While 2010 and 2011 may seem like an eternity in mobile years, longitudinal studies, by definition, take a long time to collect and analyze. However, the findings are likely still relevant.  In addition to monitoring usage using some logging software installed on each jail-broken iPhone, the researchers complemented the logging data by also asking participants about their usage.

Here are some of the more interesting things they found:

App Installation and Lifespan

   62% of the 3400 apps downloaded were uninstalled
   Games accounted for half of all app installations
   20% of apps are uninstalled within one day, with 31% being uninstalled within two weeks
   Paid apps actually have a shorter lifespan than free apps—suggesting users regret their paid purchases faster and don’t want to waste screen space or memory (both human and hardware memory!)

There is a pareto distribution of usage

  • 90% of usage comes from just 10 apps
  • 87% of website usage comes from 10 websites.
  • The top mobile website accounted for 28% of usage

Comparison by Socioeconomic Status

This study provided a rare look at the differences in socioeconomic status after matching for other variables like computer usage and gender. The biggest differences were observed between the highest SES group (basically college kids with family income > $80k) and the lowest SES group (community college kids with family income between $0-$35k per year).  The comparisons are shown below and in the comparison table.

The lower SES groups used almost three times as many apps (mostly games) as the higher SES groups (17 vs. 6 on average)
   Lower SES groups spend twice as much on apps, $31 vs $15, but..
  Lower SES groups were more money conscious—they spent much longer shopping in the app store. It worked out to $1/hr for lower SES groups and $2.6/hr for higher SES groups
  The lowest SES group used the smartphones twice as much as the highest SES group—using mostly YouTube and Facebook.
  The high usage led to much more battery depletion, with the lowest SES group getting three times as many low battery warnings as the highest SES group.
  Frequent low battery warnings led the lowest SES group to complain that their phones were broken, which led to …
  The lowest SES group rating the usability of the iPhone much lower on the System Usability Scale(SUS) than the highest SES group (60 vs. 80) or below-average usability (the 29th percentile) to above-average usability (88th percentile).

 

Comparison by SES Group Table

Lower SES Higher SES
Number of Apps Used 17 6
Money spent on Apps $31 $15
Dollars spent/time $1/hr $2.6/hr
Daily Average  usage 122 minutes 53 minutes
Number of Low Battery Warnings/ Day 1.5 .5
Perceived Ease of Use 60 SUS 80 SUS
Adult Sites Visited / Day 10 4

The major limitation to this study is the restriction to students at a selective private university for the representation of the medium and high SES groups.  Generalizability to socioeconomic status groups in general is limited, as all the participants are students, representing a narrow age band with an average age of just 19. That is, being a student and generally young aren’t representative of the large diversity of ages and occupations within any SES strata.  In addition, only the iPhone was used in the study (as it had the largest market share when the study began in 2010), which also limits the generalizability to a single platform.

Finally, the participants in the study consented and were aware of being monitored for the year (or six months for the lowest SES group).
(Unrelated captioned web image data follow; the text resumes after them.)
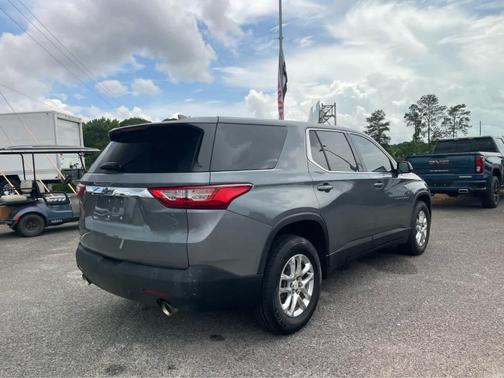 Satin Steel Metallic 2018 Chevrolet Traverse LS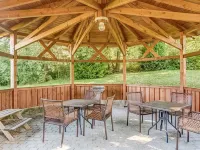 Pretty Apartment with Large Communal Terrace Near Borstendorf Hotels in Borstendorf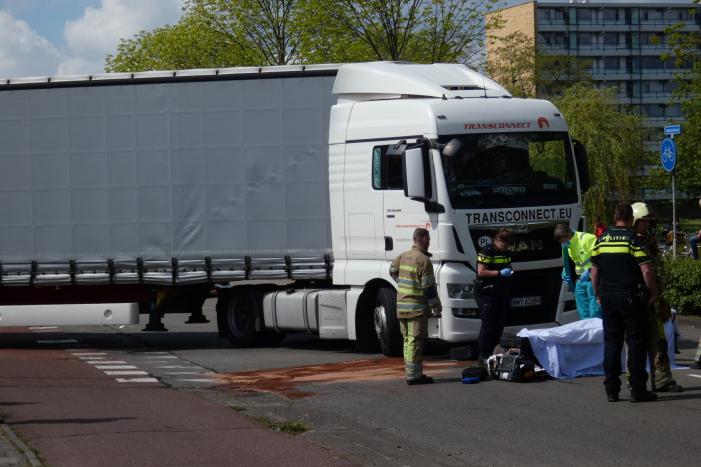 Fietser ernstig gewond bij ongeval met vrachtwagen
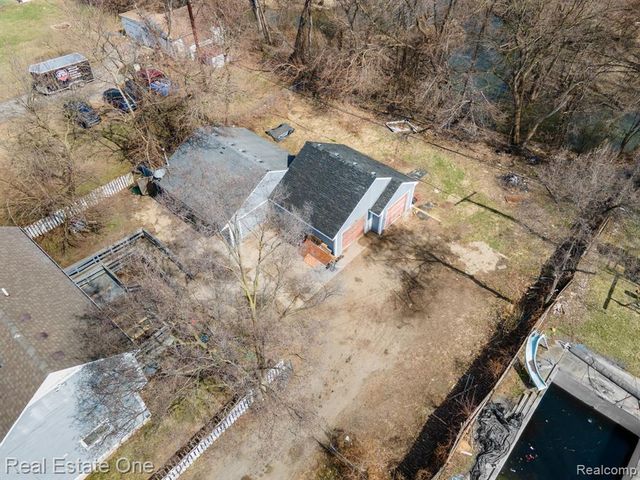 18410 Inkster Road, Redford, MI 48240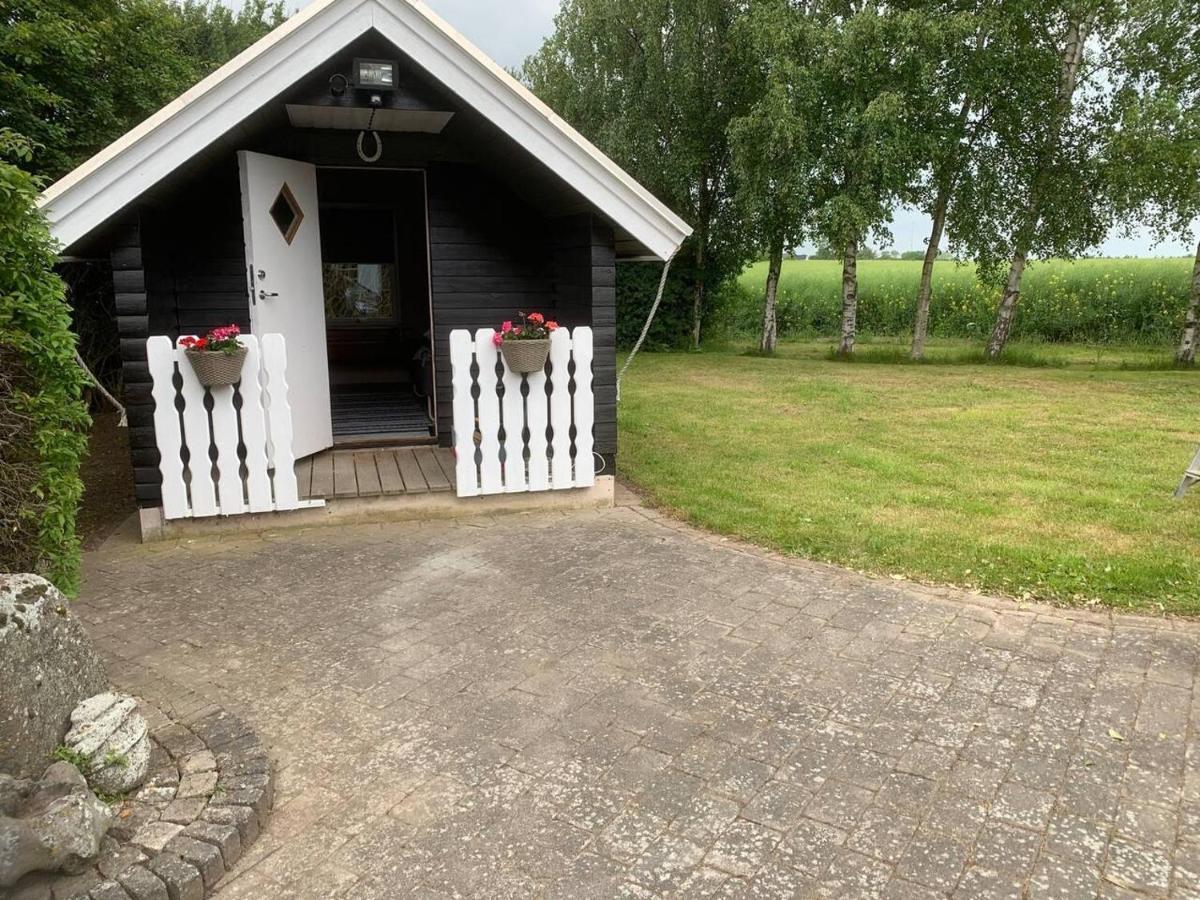 Stunning Romantik Cabin Close To Baltic Sea Villa Idestrup Exterior foto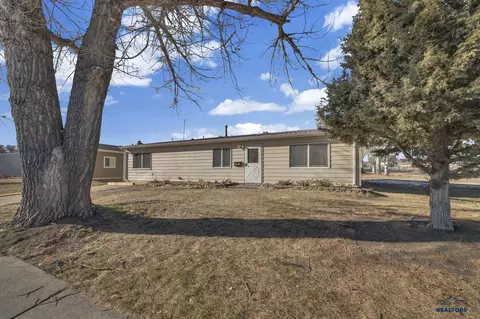 1411 Greenbriar, Rapid City, SD 57701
This observer-effect likely had an impact on how the participants used the device, such as the number and type of websites and apps they purchased and used.  Some amount of bias is inevitable in all user research studies.

Nevertheless, conducting studies like these takes a lot of money and diligence to coordinate. This study was unique not only in its duration (one year) but also because it mixed both usage data (logging) and perception/attitudinal data (SUS and open-ended questions). The authors rightly point out that if they’d relied on usage data alone they likely would have assumed the lowest SES group had higher perceptions of usability (as they used the phones twice as much!).

Despite changes in technology, understanding how overall usage patterns change over time and differ by socioeconomic status can help designers and researchers target apps, pricing and even hardware performance based both on the lifespan of an application and the difference in socioeconomic status of the customer market.